Le texte de la pétition

Classé sous — parcelle521 @ 11:46

Face au risque de démantèlement de l’EHESS et de ses Centres

Nous, enseignants, chercheurs et administratifs de l’EHESS et des Centres rattachés, refusons le déménagement de notre établissement en septembre 2008 en dehors de Paris, dans une zone dépourvue de tous les équipements nécessaires au travail intellectuel.
Ce qui nous est imposé signifierait le démantèlement de l’Ecole et l’impossibilité de poursuivre la mission que nous a confiée l’institution à laquelle nous appartenons.
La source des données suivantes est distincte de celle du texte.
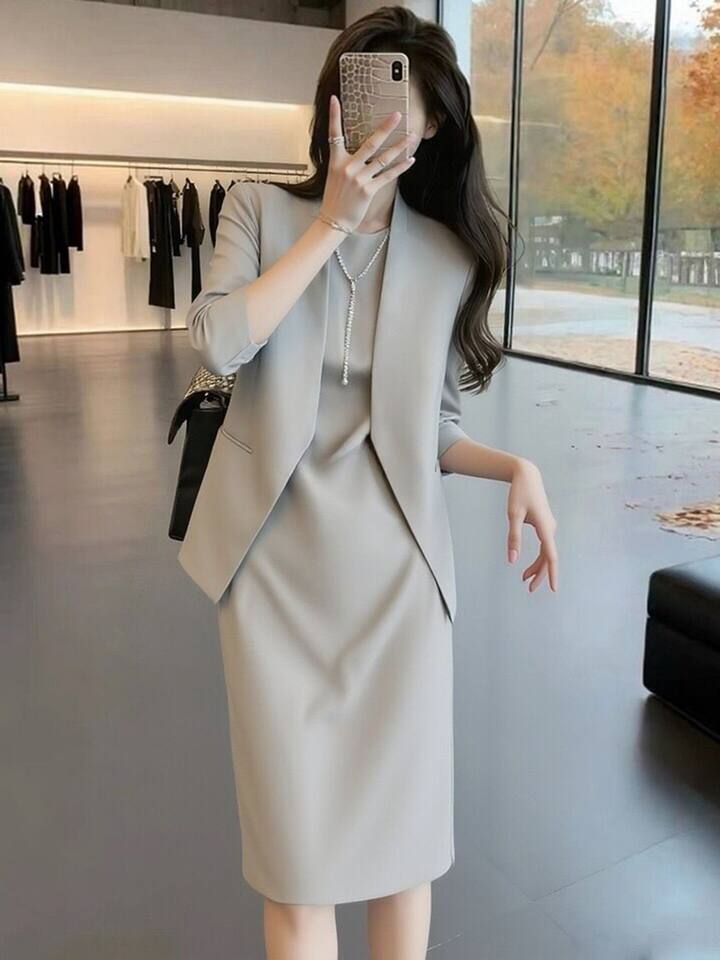 Bộ vest nữ cao cấp gồm áo vest và đầm liền thân hai mảnh, tay lửng, cổ vest, váy midi dáng đứng — Màu xám nhạt chi tiết 13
Cette mission, orientée à la fois vers la recherche et vers la formation d’étudiants de 3e cycle à la recherche, ne peut pas être développée, ni même maintenue, si chercheurs, enseignants et étudiants ne disposent plus d’un environnement dans lequel ils aient un accès normal aux livres et autres instruments matériels de la recherche et également à la communauté vivante des chercheurs.

Nous n’acceptons pas d’être soumis aux aléas de décisions qui nous sont imposées dans l’urgence et dont nous sommes informés comme d’une fatalité.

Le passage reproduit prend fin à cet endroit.